Data for processing below:

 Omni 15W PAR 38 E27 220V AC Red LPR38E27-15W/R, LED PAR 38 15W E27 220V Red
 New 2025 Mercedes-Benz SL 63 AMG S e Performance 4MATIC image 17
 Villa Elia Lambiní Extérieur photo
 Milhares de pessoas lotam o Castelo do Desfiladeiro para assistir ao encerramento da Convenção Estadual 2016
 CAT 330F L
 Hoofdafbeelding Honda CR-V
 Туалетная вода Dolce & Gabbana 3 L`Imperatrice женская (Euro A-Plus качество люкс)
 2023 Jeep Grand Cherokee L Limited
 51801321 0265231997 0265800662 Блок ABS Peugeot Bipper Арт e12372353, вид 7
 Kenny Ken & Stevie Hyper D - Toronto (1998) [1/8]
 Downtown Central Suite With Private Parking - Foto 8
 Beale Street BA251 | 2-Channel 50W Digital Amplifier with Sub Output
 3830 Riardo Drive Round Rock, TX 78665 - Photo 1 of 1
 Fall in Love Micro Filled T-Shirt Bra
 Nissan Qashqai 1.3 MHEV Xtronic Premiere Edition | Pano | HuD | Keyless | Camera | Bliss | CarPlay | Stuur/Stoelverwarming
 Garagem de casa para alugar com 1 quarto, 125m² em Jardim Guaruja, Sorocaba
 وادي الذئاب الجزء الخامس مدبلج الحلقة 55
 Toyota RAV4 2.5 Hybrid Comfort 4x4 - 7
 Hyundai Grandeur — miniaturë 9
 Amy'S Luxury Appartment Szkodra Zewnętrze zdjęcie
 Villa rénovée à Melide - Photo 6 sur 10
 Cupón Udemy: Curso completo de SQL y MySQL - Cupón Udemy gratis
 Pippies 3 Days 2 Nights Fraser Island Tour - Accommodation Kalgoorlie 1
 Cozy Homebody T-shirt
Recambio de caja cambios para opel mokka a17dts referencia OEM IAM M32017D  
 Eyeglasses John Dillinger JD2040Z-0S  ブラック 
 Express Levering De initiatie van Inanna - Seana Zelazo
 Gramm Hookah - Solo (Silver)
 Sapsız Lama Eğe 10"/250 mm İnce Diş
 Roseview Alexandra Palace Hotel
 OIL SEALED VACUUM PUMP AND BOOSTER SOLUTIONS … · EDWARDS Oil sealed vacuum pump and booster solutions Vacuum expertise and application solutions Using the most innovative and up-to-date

End of Data for processing.

• Work instruction: In full and without changes, repeat the listing.

• Reply:
 Omni 15W PAR 38 E27 220V AC Red LPR38E27-15W/R, LED PAR 38 15W E27 220V Red
 New 2025 Mercedes-Benz SL 63 AMG S e Performance 4MATIC image 17
 Villa Elia Lambiní Extérieur photo
 Milhares de pessoas lotam o Castelo do Desfiladeiro para assistir ao encerramento da Convenção Estadual 2016
 CAT 330F L
 Hoofdafbeelding Honda CR-V
 Туалетная вода Dolce & Gabbana 3 L`Imperatrice женская (Euro A-Plus качество люкс)
 2023 Jeep Grand Cherokee L Limited
 51801321 0265231997 0265800662 Блок ABS Peugeot Bipper Арт e12372353, вид 7
 Kenny Ken & Stevie Hyper D - Toronto (1998) [1/8]
 Downtown Central Suite With Private Parking - Foto 8
 Beale Street BA251 | 2-Channel 50W Digital Amplifier with Sub Output
 3830 Riardo Drive Round Rock, TX 78665 - Photo 1 of 1
 Fall in Love Micro Filled T-Shirt Bra
 Nissan Qashqai 1.3 MHEV Xtronic Premiere Edition | Pano | HuD | Keyless | Camera | Bliss | CarPlay | Stuur/Stoelverwarming
 Garagem de casa para alugar com 1 quarto, 125m² em Jardim Guaruja, Sorocaba
 وادي الذئاب الجزء الخامس مدبلج الحلقة 55
 Toyota RAV4 2.5 Hybrid Comfort 4x4 - 7
 Hyundai Grandeur — miniaturë 9
 Amy'S Luxury Appartment Szkodra Zewnętrze zdjęcie
 Villa rénovée à Melide - Photo 6 sur 10
 Cupón Udemy: Curso completo de SQL y MySQL - Cupón Udemy gratis
 Pippies 3 Days 2 Nights Fraser Island Tour - Accommodation Kalgoorlie 1
 Cozy Homebody T-shirt
Recambio de caja cambios para opel mokka a17dts referencia OEM IAM M32017D  
 Eyeglasses John Dillinger JD2040Z-0S  ブラック 
 Express Levering De initiatie van Inanna - Seana Zelazo
 Gramm Hookah - Solo (Silver)
 Sapsız Lama Eğe 10"/250 mm İnce Diş
 Roseview Alexandra Palace Hotel
 OIL SEALED VACUUM PUMP AND BOOSTER SOLUTIONS … · EDWARDS Oil sealed vacuum pump and booster solutions Vacuum expertise and application solutions Using the most innovative and up-to-date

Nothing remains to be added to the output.